| WHAT NEEDS TO BE DONE |
Locate the line that contains "1514 Canter Bayou" in the entries below, then repeat it and every following line through the line that contains "7124 Leeward St, Port St. Joe 32456", exactly, and no others.

| DATA RECORDS |
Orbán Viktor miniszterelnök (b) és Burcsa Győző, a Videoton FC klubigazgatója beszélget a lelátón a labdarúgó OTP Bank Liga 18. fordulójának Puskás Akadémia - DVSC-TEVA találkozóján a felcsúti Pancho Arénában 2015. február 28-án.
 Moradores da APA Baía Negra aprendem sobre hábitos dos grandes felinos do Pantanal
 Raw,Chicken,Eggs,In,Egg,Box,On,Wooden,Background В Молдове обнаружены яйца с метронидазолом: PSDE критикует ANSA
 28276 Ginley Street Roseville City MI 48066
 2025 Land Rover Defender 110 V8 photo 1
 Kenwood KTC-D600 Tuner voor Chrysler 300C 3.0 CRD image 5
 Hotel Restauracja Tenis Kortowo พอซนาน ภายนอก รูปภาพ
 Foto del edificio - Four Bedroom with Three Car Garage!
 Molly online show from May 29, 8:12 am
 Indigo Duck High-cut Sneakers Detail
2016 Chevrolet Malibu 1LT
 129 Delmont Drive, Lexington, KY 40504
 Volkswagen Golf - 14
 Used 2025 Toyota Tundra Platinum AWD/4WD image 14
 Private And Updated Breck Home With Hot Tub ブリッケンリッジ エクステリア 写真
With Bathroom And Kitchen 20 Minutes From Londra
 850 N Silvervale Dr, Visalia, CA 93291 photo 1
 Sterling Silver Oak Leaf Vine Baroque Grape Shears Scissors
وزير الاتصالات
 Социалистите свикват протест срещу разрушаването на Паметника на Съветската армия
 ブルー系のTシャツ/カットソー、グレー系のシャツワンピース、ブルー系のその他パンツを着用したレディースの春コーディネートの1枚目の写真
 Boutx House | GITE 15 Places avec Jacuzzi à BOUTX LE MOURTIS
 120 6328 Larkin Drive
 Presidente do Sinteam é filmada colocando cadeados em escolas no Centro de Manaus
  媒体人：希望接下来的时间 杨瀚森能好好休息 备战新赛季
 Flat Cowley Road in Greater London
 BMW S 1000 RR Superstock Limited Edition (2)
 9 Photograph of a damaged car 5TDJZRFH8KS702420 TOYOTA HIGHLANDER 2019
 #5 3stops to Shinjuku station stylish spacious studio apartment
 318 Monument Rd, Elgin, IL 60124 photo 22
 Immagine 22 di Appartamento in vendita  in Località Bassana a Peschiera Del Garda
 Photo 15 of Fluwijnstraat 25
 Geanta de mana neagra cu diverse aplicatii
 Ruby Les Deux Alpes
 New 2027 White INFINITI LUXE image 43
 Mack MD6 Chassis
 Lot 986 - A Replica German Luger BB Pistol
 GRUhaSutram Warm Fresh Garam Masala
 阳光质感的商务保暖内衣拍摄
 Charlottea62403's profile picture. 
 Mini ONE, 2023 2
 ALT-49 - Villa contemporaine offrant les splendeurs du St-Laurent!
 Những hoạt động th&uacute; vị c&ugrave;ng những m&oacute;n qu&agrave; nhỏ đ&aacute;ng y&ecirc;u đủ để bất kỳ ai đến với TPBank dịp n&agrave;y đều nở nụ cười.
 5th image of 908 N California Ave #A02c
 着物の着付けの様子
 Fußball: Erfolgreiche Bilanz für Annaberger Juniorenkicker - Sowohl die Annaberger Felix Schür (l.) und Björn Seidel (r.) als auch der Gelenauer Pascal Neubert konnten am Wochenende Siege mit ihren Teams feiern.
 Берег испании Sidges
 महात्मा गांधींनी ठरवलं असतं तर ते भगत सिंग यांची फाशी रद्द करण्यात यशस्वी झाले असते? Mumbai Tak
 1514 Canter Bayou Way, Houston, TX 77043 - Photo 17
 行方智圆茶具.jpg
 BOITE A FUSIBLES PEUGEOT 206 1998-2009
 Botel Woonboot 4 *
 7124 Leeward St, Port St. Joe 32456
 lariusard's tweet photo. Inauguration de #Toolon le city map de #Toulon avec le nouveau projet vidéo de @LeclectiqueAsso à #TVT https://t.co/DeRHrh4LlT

| SOLUTION TO THIS TASK |
 1514 Canter Bayou Way, Houston, TX 77043 - Photo 17
 行方智圆茶具.jpg
 BOITE A FUSIBLES PEUGEOT 206 1998-2009
 Botel Woonboot 4 *
 7124 Leeward St, Port St. Joe 32456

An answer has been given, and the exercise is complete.